He said the perpetrators’ names are released to the media for circulation in case his office has been unable to get hold of the victims.

Wheatley said his office also contacts agencies that deal with victims of crime for help in getting in touch with victims.

During discussion on expanding peace officer status to qualified people in various agencies, Police Commissioner Rodney Querrard Sr. said that all too often people with peace officer status don’t take action when they see a crime being committed.

“Step up to the plate. Do your part to make the place better,” he said.

Kelvin Vidal, an attorney for the V.I. Waste Management Authority, urged the senators to include the agency’s environmental enforcement officers on the list.

“They are dealing with the risks associated with law enforcement officers,” Vidal said.

He said peace officer status will help protect them and serve as a deterrent to those bent on breaking the territory’s laws.

Two separate bills focused on the peace officer issue. One was sponsored by Sen. Sammuel Sanes and the other by non-committee member Sen. Terrence Nelson.

When the committee voted on them both, Waste Management, Superior Court probation officers, the Legislature’s chief or assistant chief of security and the sergeant of arms as well as the officers that provide security at Government House were on the list.

The committee also passed on the Rules Committee Sen. Nereida Rivera O’Reilly’s bill to authorize the Motor Vehicle Bureau to issue photo identification cards for people who don’t have driver’s licenses. She, Motor Vehicle Bureau Director Jerris T. Browne as well as others at the meeting agreed the bill needs some clarifications and tightening, but presumably that will happen in the Rules Committee.

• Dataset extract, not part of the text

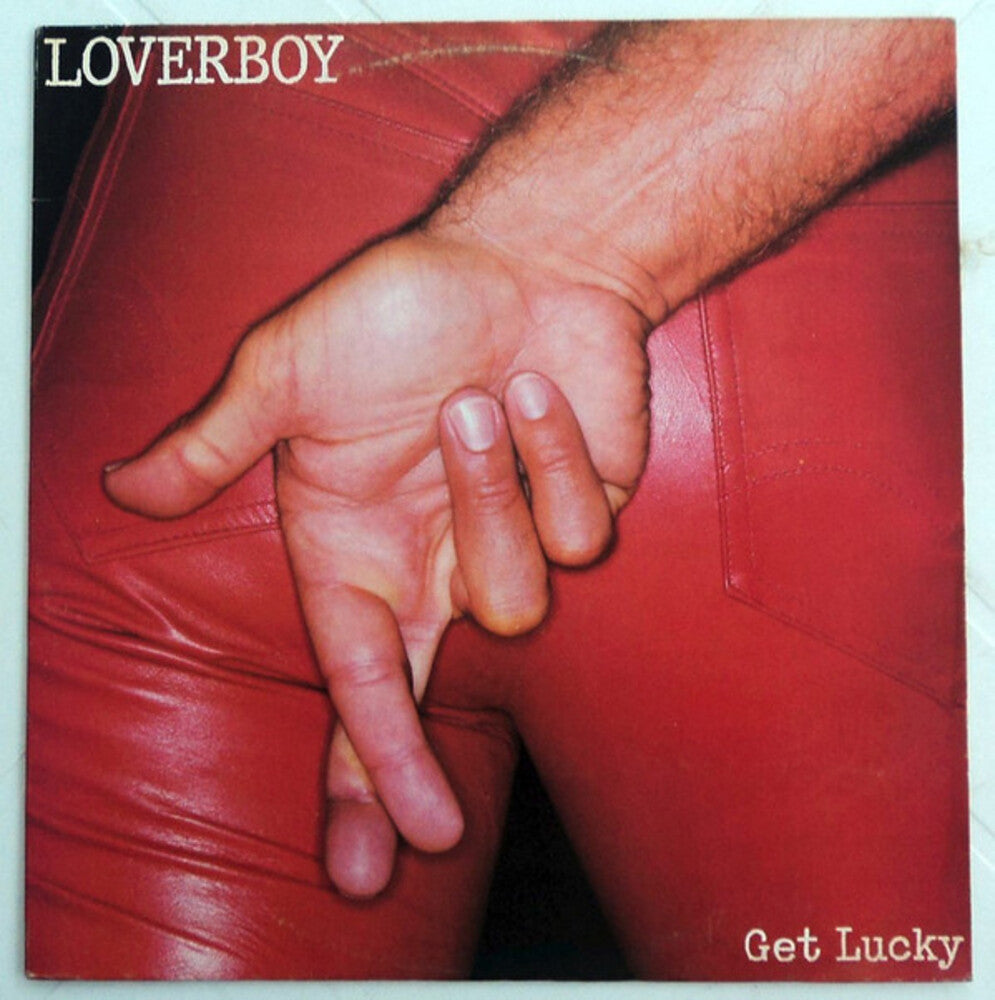 the album cover for Loverboy - Get Lucky: 40th Anniversary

The bill is needed because people need to show identification, for example, when cashing checks.

“They can’t go to the bank,” Browne said.

If a person has a Virgin Islands driver’s license, they will not be eligible to get an identification card because they already have a form of identification, Browne said.

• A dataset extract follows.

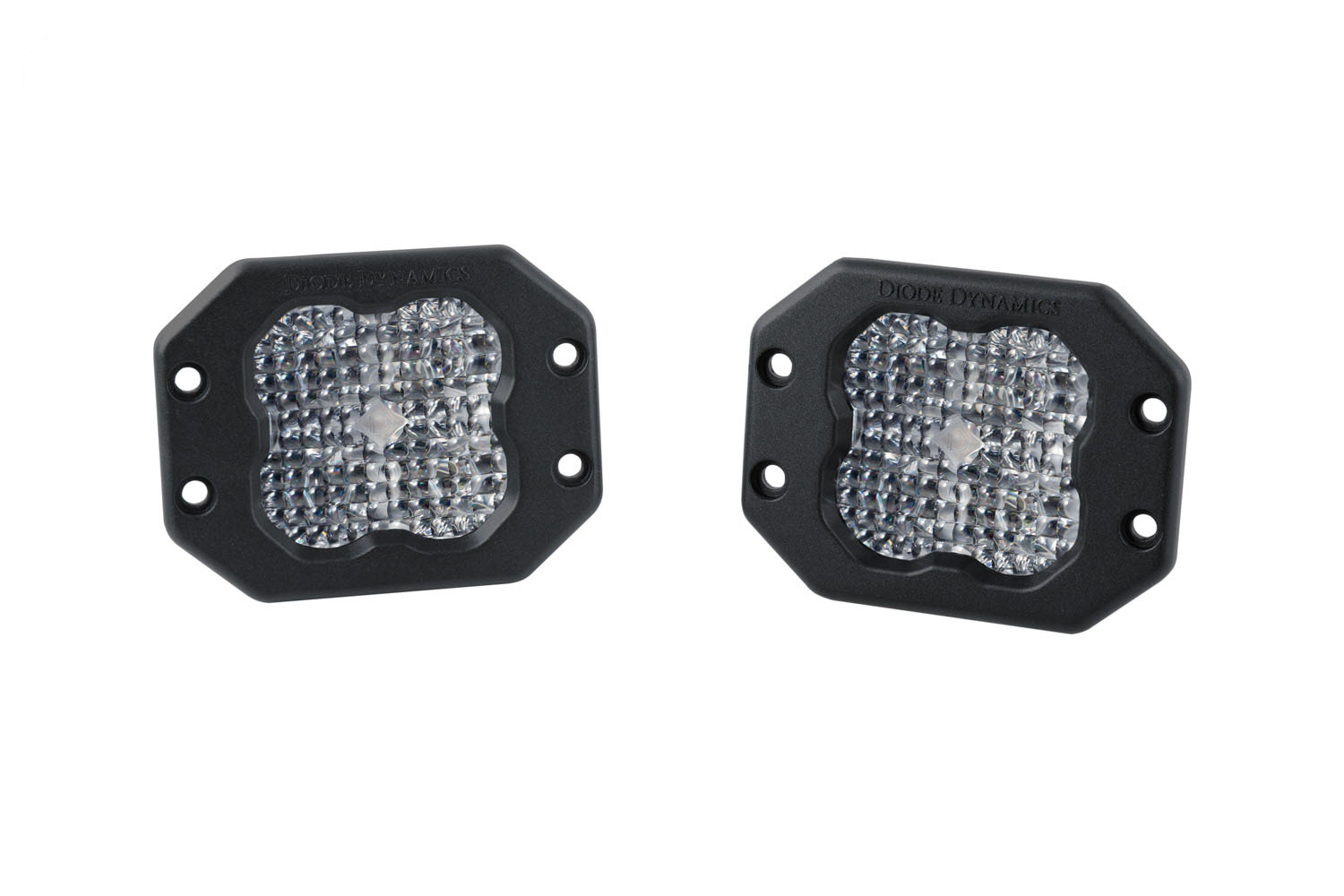 Diode Dynamics - DD6209P - Worklight SS3 Pro White Flood Flush (pair) DD6209P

He also said issuing identification cards will serve as a revenue enhancement for the government since there will be a charge for them.

Those applying for the identification cards will have to prove they are legal residents of the Virgin Islands.

All the senators on the floor when the bills came up for voted said yes. In addition to Buckley and Sanes, Sens. Alicia Hansen and Clarence Payne attended the meeting. Sen. Kenneth Gittens chaired the meeting. Sens. Craig Barshinger and Tregenza Roach were absent. Non-committee members Nelson and O’Reilly were also at the meeting.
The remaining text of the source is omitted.